⟨

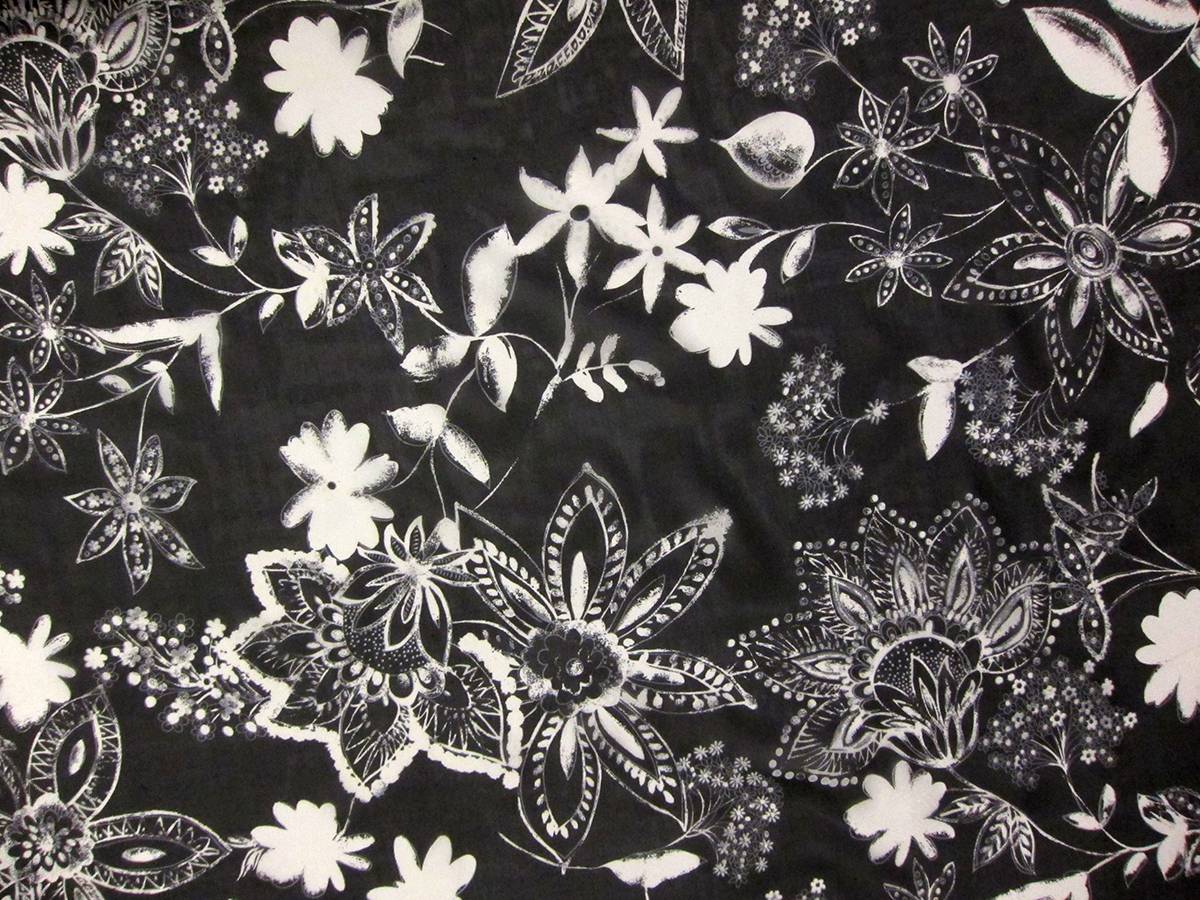 Printed Silk Chiffon0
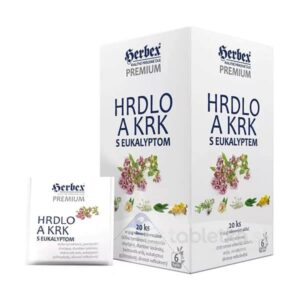 Herbex PREMIUM HRDLO A KRK s eukalyptom bylinný čaj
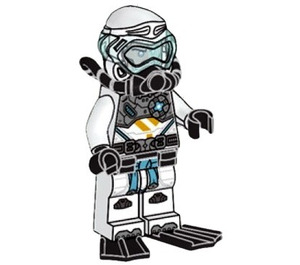 LEGO Zane - Scuba Minifiguur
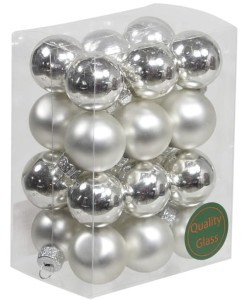 Bombki szklane 25mm Zawieszka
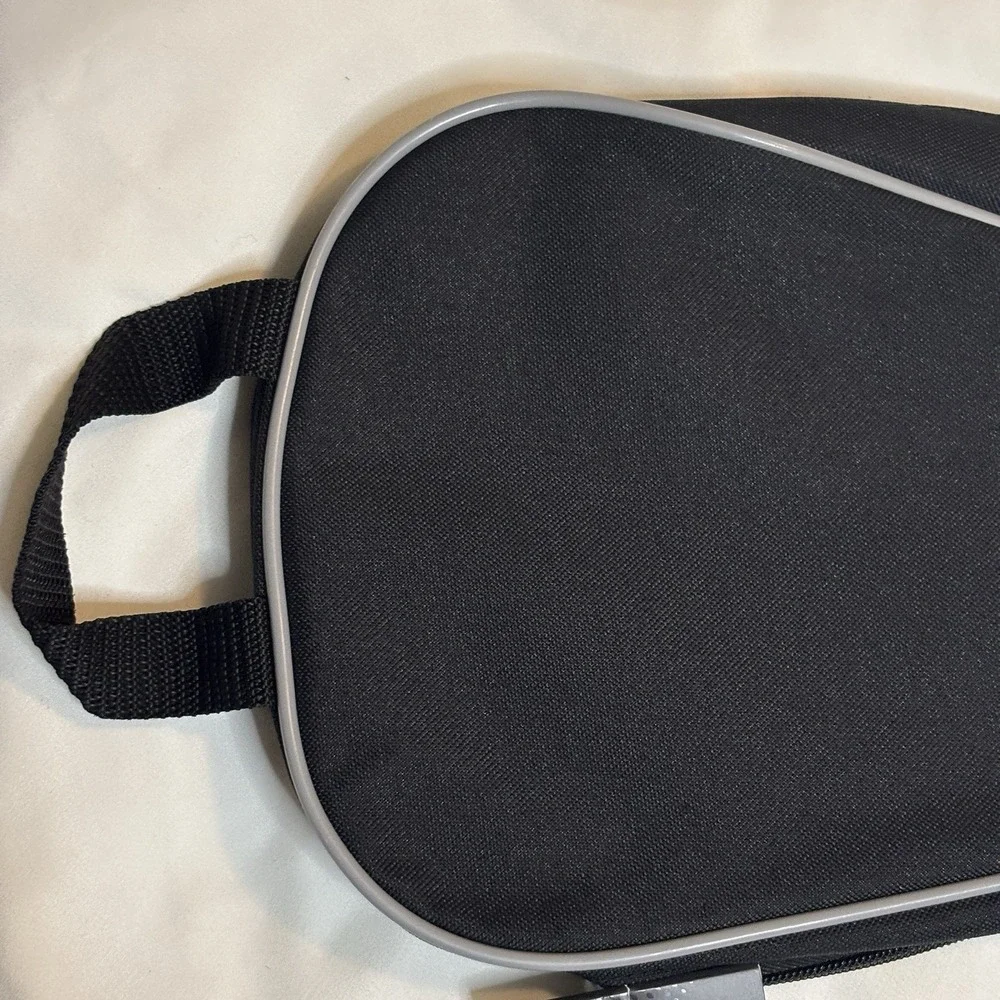 Nike Lacross Stick Bag Black & Silver Duffle w/ Shoulder Strap & Extra Storage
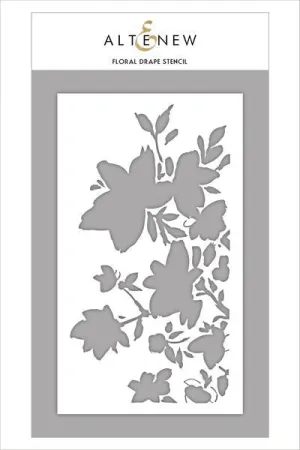 Floral Drape Stencil - RETIRING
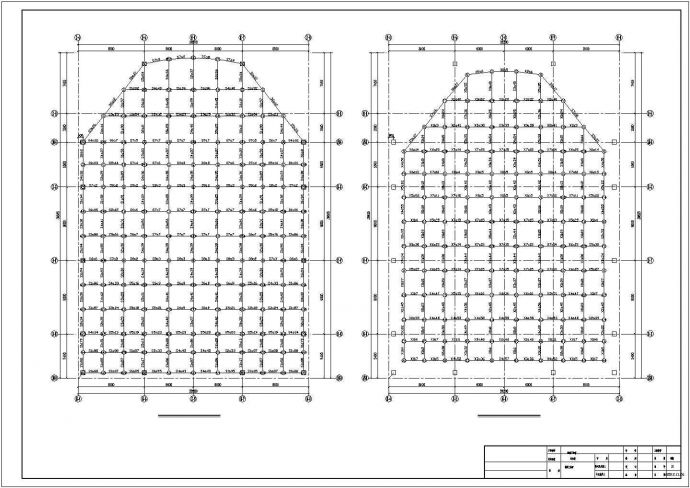 [山东]单层正放四角锥与螺栓球节点结构网架结构施工图_图1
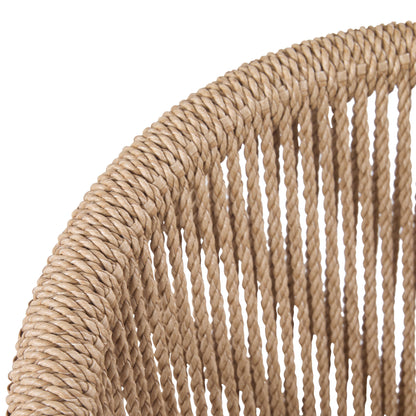 Chaise de salle à manger d'extérieur Bali en teck et corde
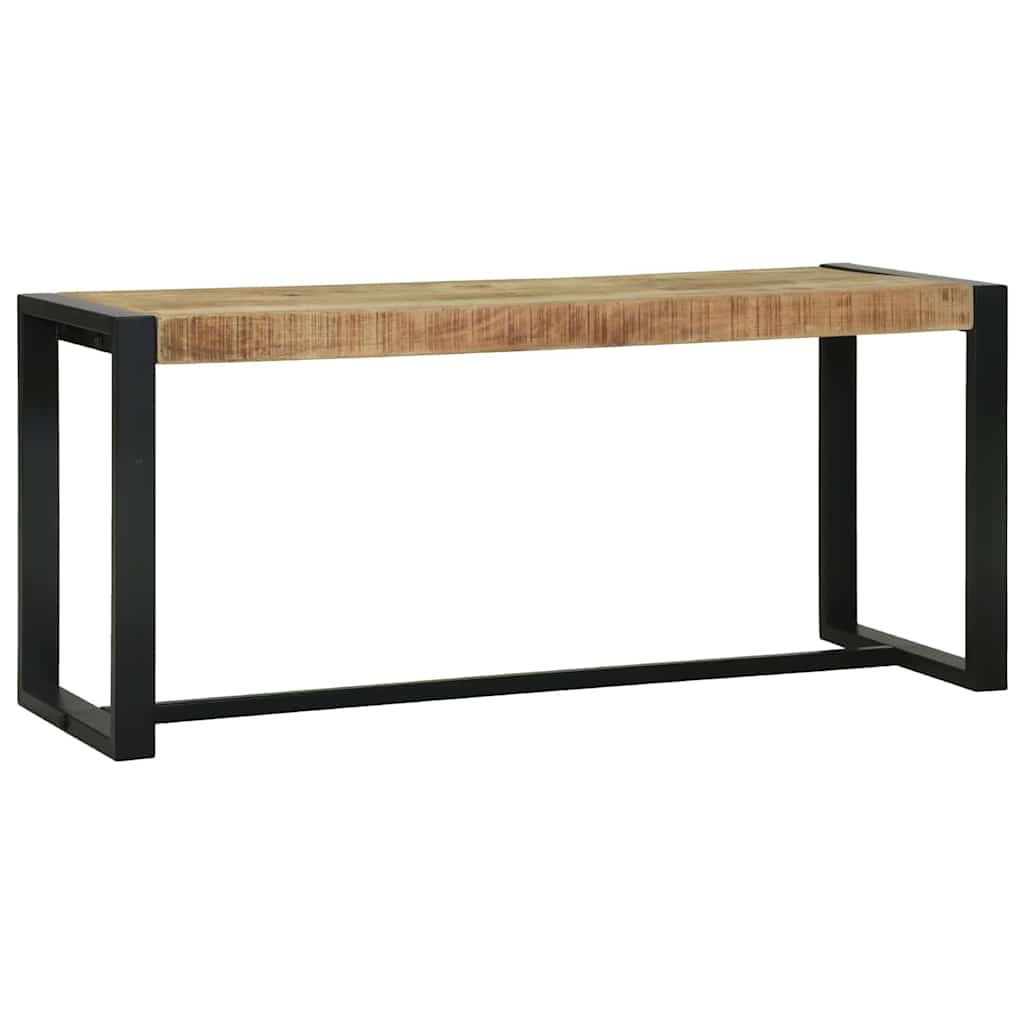 Bank Braun 100 x 35 x 45 cm Massivholz Mango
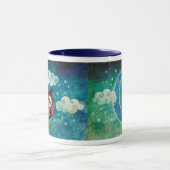 Mijn Crescent Owl Mok (Midden)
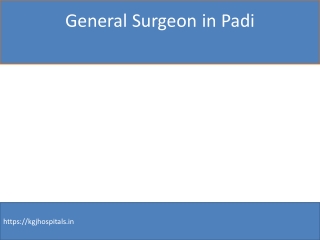 Laparoscopic Surgeon in Padi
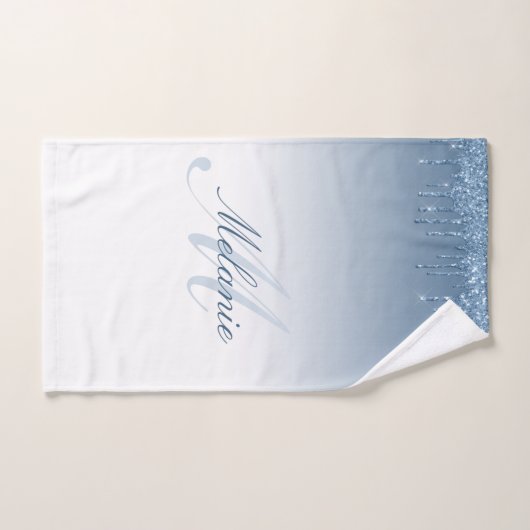 blauw droogbad bad handdoek (Handdoek)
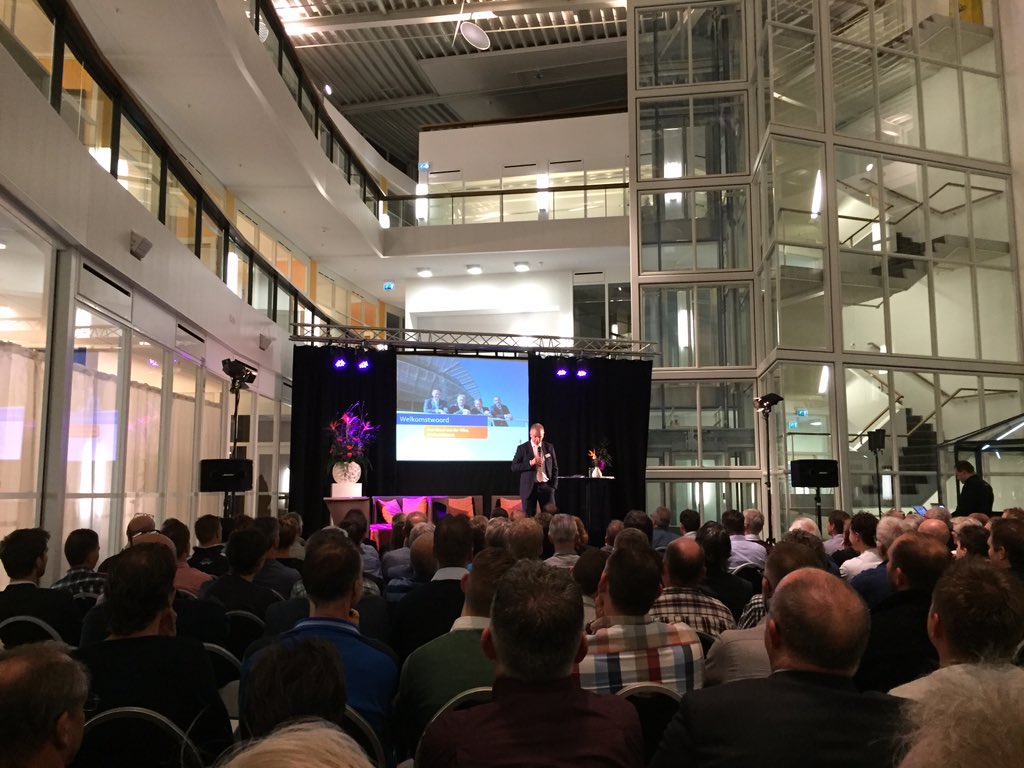 Inspirerende sprekers Aad Ouburg &amp; Wim Grootscholte @RaboWestland Anders ondernemen/juiste taakverdeling int bedrijf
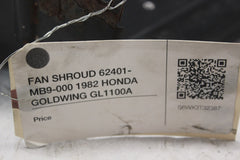 FAN SHROUD 62401-MB9-000 1982 HONDA GOLDWING GL1100A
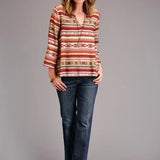 Stetson 01060 Sunset Serape (Multi) - Women's Blouse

⟩

Aim of the exercise: Write out every entry above exactly as it stands, minus the pictures.

Result of the task:
 Printed Silk Chiffon0
 Herbex PREMIUM HRDLO A KRK s eukalyptom bylinný čaj
 LEGO Zane - Scuba Minifiguur
 Bombki szklane 25mm Zawieszka
 Nike Lacross Stick Bag Black & Silver Duffle w/ Shoulder Strap & Extra Storage
 Floral Drape Stencil - RETIRING
 [山东]单层正放四角锥与螺栓球节点结构网架结构施工图_图1
 Chaise de salle à manger d'extérieur Bali en teck et corde
 Bank Braun 100 x 35 x 45 cm Massivholz Mango
 Mijn Crescent Owl Mok (Midden)
 Laparoscopic Surgeon in Padi
 blauw droogbad bad handdoek (Handdoek)
 Inspirerende sprekers Aad Ouburg &amp; Wim Grootscholte @RaboWestland Anders ondernemen/juiste taakverdeling int bedrijf
 FAN SHROUD 62401-MB9-000 1982 HONDA GOLDWING GL1100A
 Stetson 01060 Sunset Serape (Multi) - Women's Blouse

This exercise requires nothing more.